Back How did climate change determine human diasporas in South America during the Holocene?

How did climate change determine human diasporas in South America during the Holocene?

Jonas Gregorio de Souza, a Marie Curie researcher at the UPF Department of Humanities, is to carry out the project “Examining Pan-Neotropical Diasporas” over the next two years to answer this question.

25.07.2019

Imatge inicial

This July, Jonas Gregorio de Souza, a Marie Curie researcher and member of the Complexity and Socio-Ecological Dynamics (CaSEs) Research Group of the Department of Humanities, has started to develop the ExPaND (Examining Pan-Neotropical Diasporas) research project.

Thanks to a grant of some 160,000 euros as part of the 2018 call for European Commission individual Marie Sklodovska-Curie grants, Jonas Gregorio de Souza is to carry out his project at the University over the next two years under the supervision of Marco Madella, UPF-ICREA research professor and head of the CaSEs research group.

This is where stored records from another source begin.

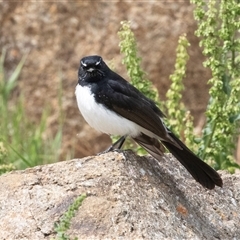 Rhipidura leucophrys (Willie Wagtail) at Dunlop, ACT - 12 Nov 2024 by AlisonMilton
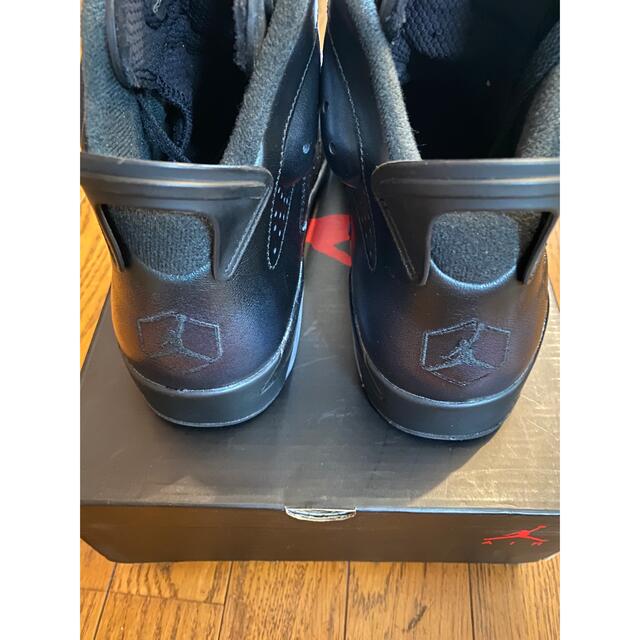 NIKE(ナイキ)の値下げ！Jordan 6 Retro Chameleon 2017 メンズの靴/シューズ(スニーカー)の商品写真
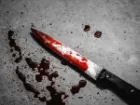 همسایه کشی در باغ فیض تهران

The ExPaND (Examining Pan-Neotropical Diasporas) project integrates archaeology, paleoecology and computer modelling to verify the role of climate change on the spread of farmers from tropical rainforests outside the Amazon during the late Holocene. “My research aims to compile archaeological and paleoecological data that I will use to model the cultural expansion and reconstruct changes in land cover”, says Jonas Gregorio de Souza.

Studying the relationship between climate change and human migration based on computational modelling

The expansion of farmers and their languages was a key process in shaping cultural and linguistic geographies worldwide during this geological period. Many such expansions have been recently shown to coincide with periods of climate change, which would have offered both opportunities and setbacks for human migration.

South America offers a perfect case study, with the main cultural diasporas that occur in the last 5,000 years, a period of increased precipitation and expansion of the forests, as documented in paleoclimatic and paleoecological records.

Jonas Gregorio de Souza says that “the results of the research will allow an initial assessment of the time, the pace and the routes of expansion of archaeological cultures in the lowlands of South America, as well as the spatial gradient of changes in vegetation induced by climate during the late Holocene”.

Finally, through agent-based modelling (ABM), the project will simulate scenarios of human migration in the Neotropics with a dynamic environmental background. 

In this regard, different models will be generated to find the best fit to the empirical archaeological data that will allow assessing of the role of climate change on human dispersions in South America.